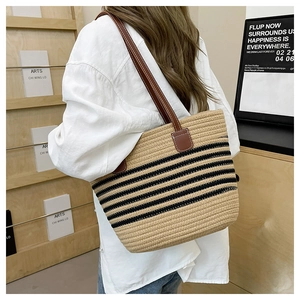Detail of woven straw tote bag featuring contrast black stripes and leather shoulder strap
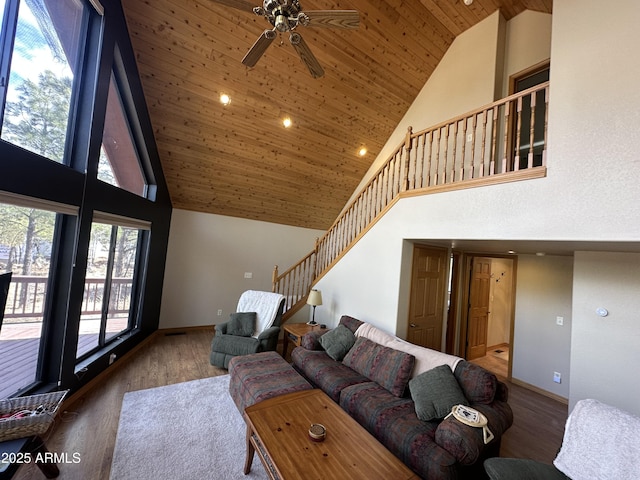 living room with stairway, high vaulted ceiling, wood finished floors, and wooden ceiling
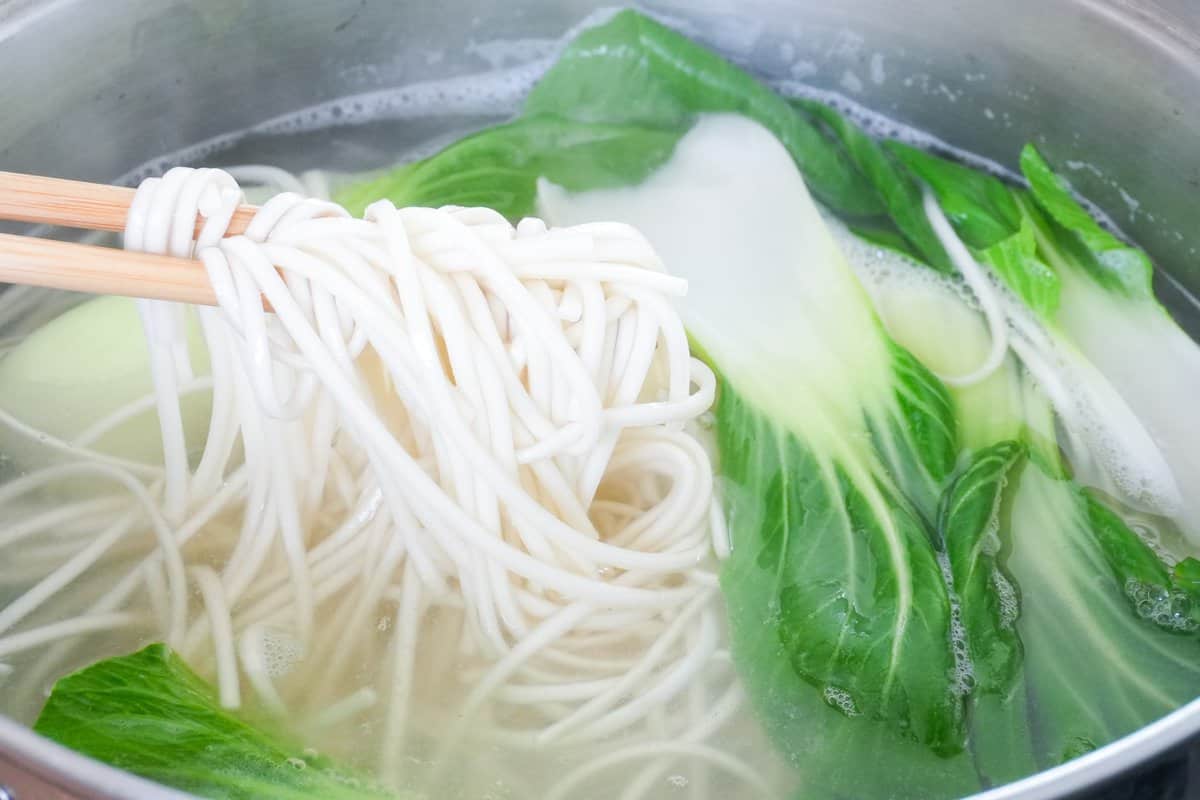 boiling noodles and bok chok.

* WORK TO COMPLETE *
All text in the material above must be written out exactly; the images are to be skipped.

* SOLVED PROBLEM *
Detail of woven straw tote bag featuring contrast black stripes and leather shoulder strap
 living room with stairway, high vaulted ceiling, wood finished floors, and wooden ceiling
 boiling noodles and bok chok.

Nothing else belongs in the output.